The billionaire Soros is known for his efforts to bankroll the campaigns of progressive state and local prosecutor candidates across the country.
In the month before the primary, a Soros-backed super-PAC spent nearly $384,000 opposing Sahrbeck and supporting Sartoris, a whopping amount that’s almost five times the combined total spent by both candidates and unheard of in local prosecutor races.
While both candidates are registered Democrats, they hold different views on top priorities.
To Sartoris, an environmental-lawyer-turned prosecutor, a district attorney’s top job is to set prosecution policies. Her vision is to reduce jail and prison populations through office-wide policies that set when to charge crimes, what charges to file, and how to resolve the charges, according to the same forum.
“People are mostly unaware that prosecutors have an incredible amount of power in the system. We, in fact, have the greatest power in the criminal justice system,” she said at the forum.
By contrast, Sahrbeck disagrees that the top prosecutor is a “policy position.”
He said prosecutors should judge every case on its own merits (such as the crime committed, the history of the offender, and the victim,) and make a prosecutorial decision that’s best in the interest of justice, which includes the interests of offenders, victims, and the broader community, according to the candidate forum.

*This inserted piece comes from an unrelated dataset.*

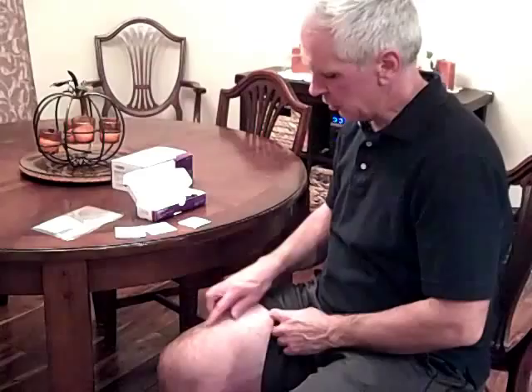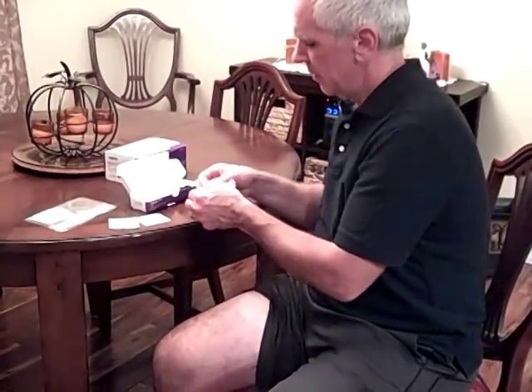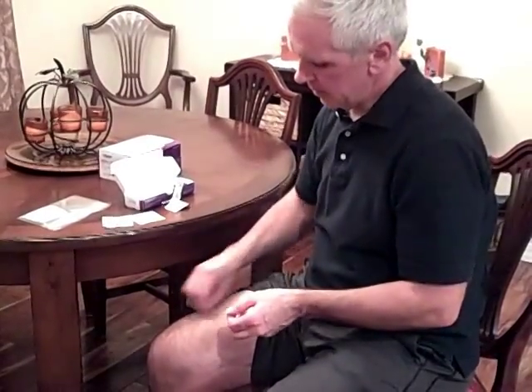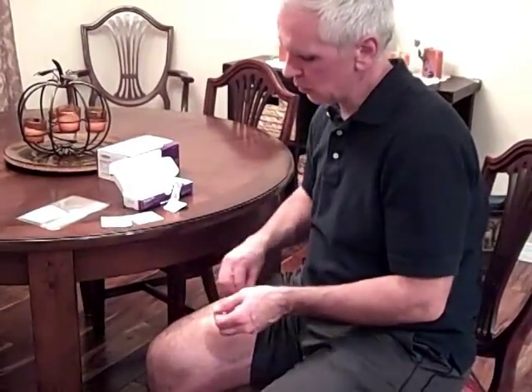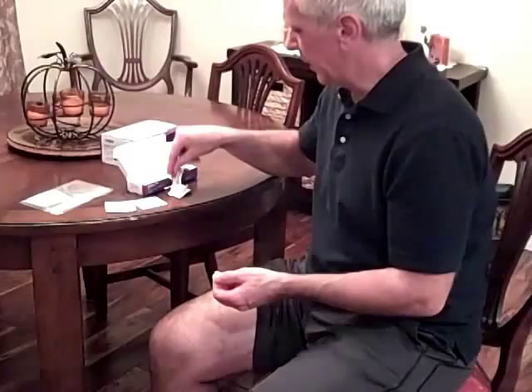Then I'll open up my injection area, which is the top of the thigh here. I'll go ahead and clean it up real good with the alcohol swab. I've got that alcohol on my fingers also to help me just be a little bit cleaner.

Super PACs such as Maine Justice and Public Safety can raise and spend unlimited money on communications opposing or supporting candidates under the protection of free speech. But they can’t communicate directly with candidates and must follow certain finance disclosure rules.
For more than two decades, Republican Stephanie Anderson held the top prosecutor job in Cumberland County, which includes Maine’s largest city, Portland.
After Anderson announced her retirement in 2018, Sahrbeck, a Republican-turned-independent candidate at the time, was to face Jon Gale, a Democrat, in the general election.
However, just a week before the election, Gale dropped out of the race over sexual misconduct allegations.
Last September, Sahrbeck changed his party registration again, this time to Democrat. He said his record as a district attorney reflects the Democratic values of addressing root causes of crime, according to the candidate forum.
While in office, Sahrbeck created a diversion program, a veterans treatment court, and a community network called the Cumberland County Coalition on Substance Use Prevention.